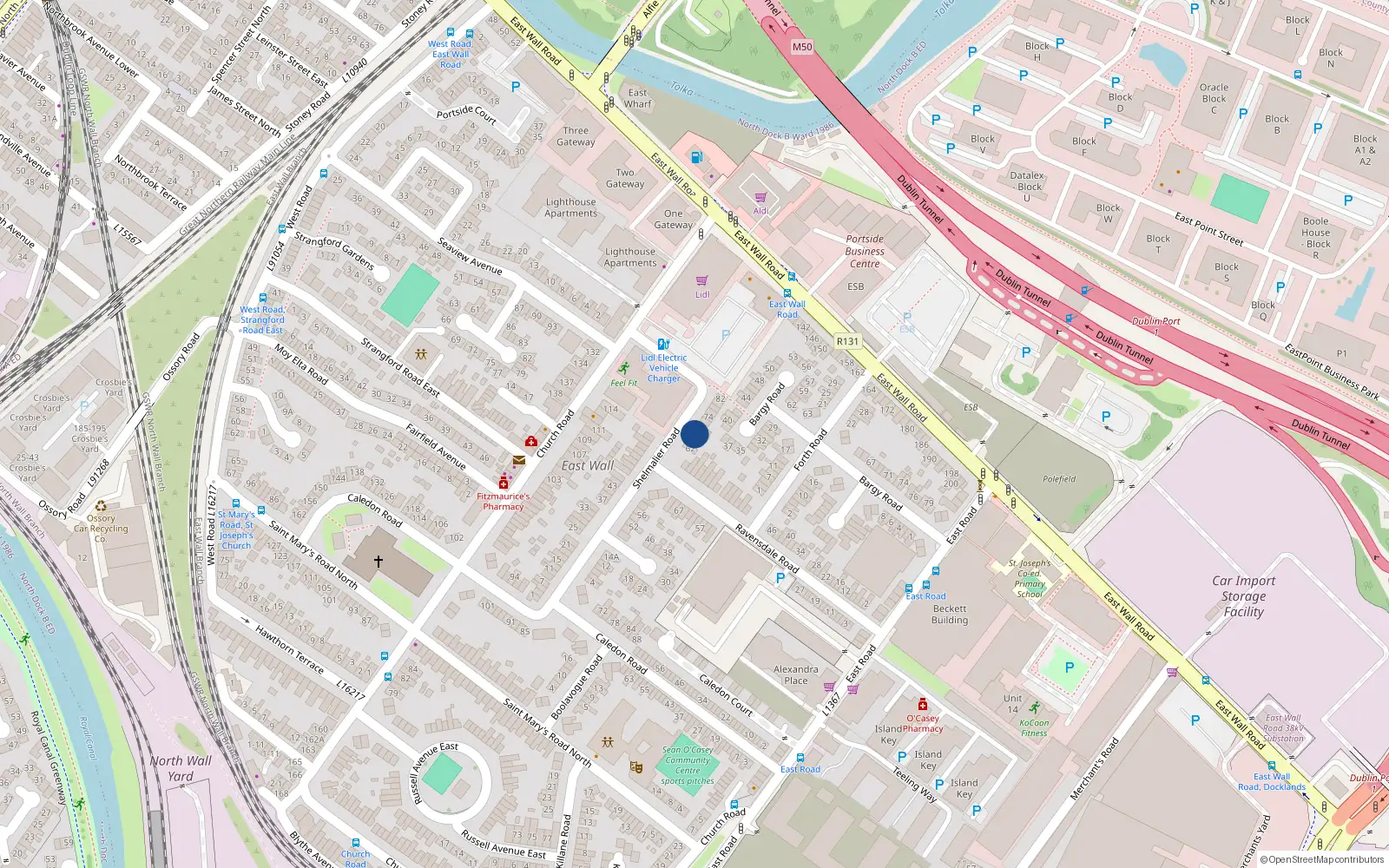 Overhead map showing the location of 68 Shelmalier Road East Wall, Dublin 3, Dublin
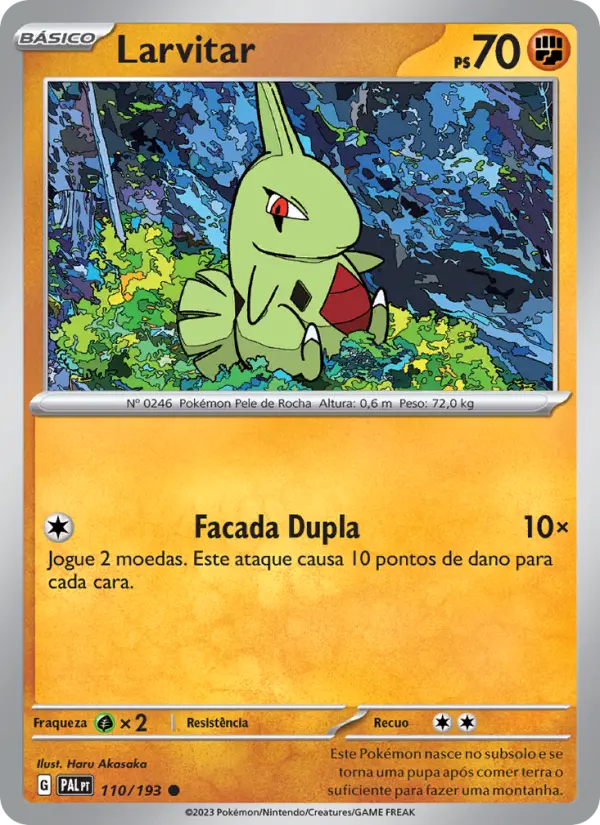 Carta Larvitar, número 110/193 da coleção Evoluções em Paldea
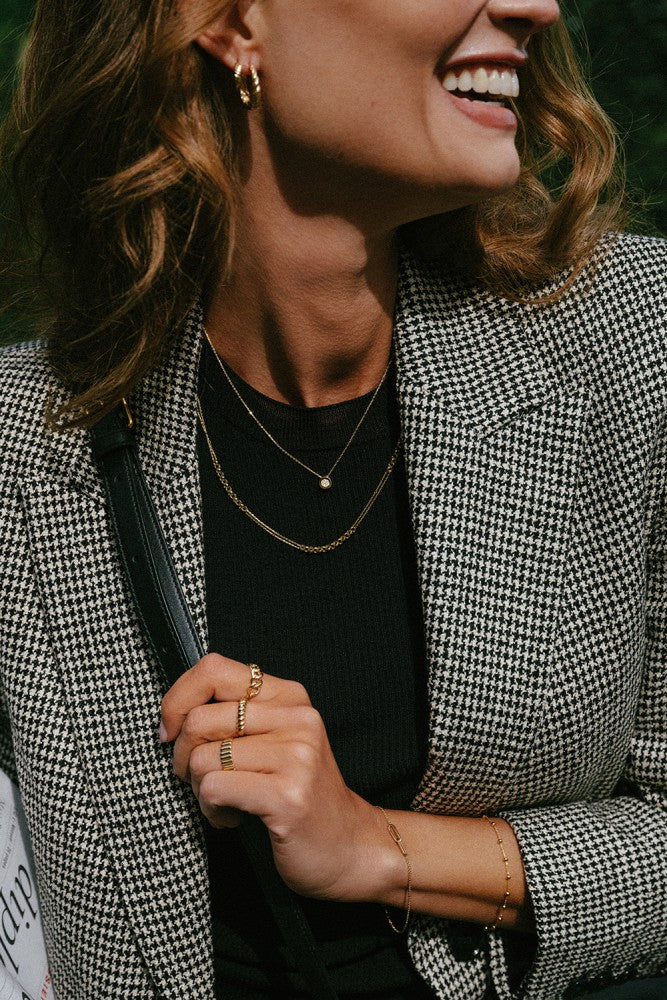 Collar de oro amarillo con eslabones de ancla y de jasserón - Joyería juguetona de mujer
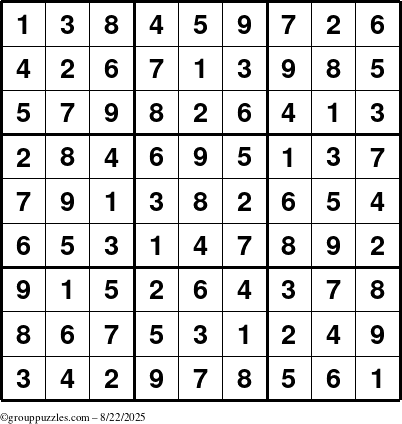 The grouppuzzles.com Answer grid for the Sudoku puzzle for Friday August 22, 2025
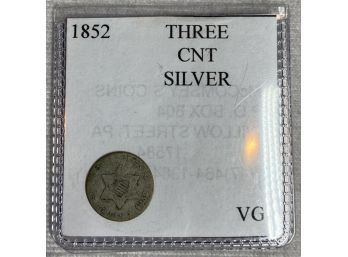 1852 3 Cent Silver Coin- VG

> [Directions]:
Return the lines from the one containing "Carta Larvitar, número" through the last line of the records, both included, exactly as written and with no pictures.

> [Solution]:
 Carta Larvitar, número 110/193 da coleção Evoluções em Paldea
 Collar de oro amarillo con eslabones de ancla y de jasserón - Joyería juguetona de mujer
 The grouppuzzles.com Answer grid for the Sudoku puzzle for Friday August 22, 2025
 1852 3 Cent Silver Coin- VG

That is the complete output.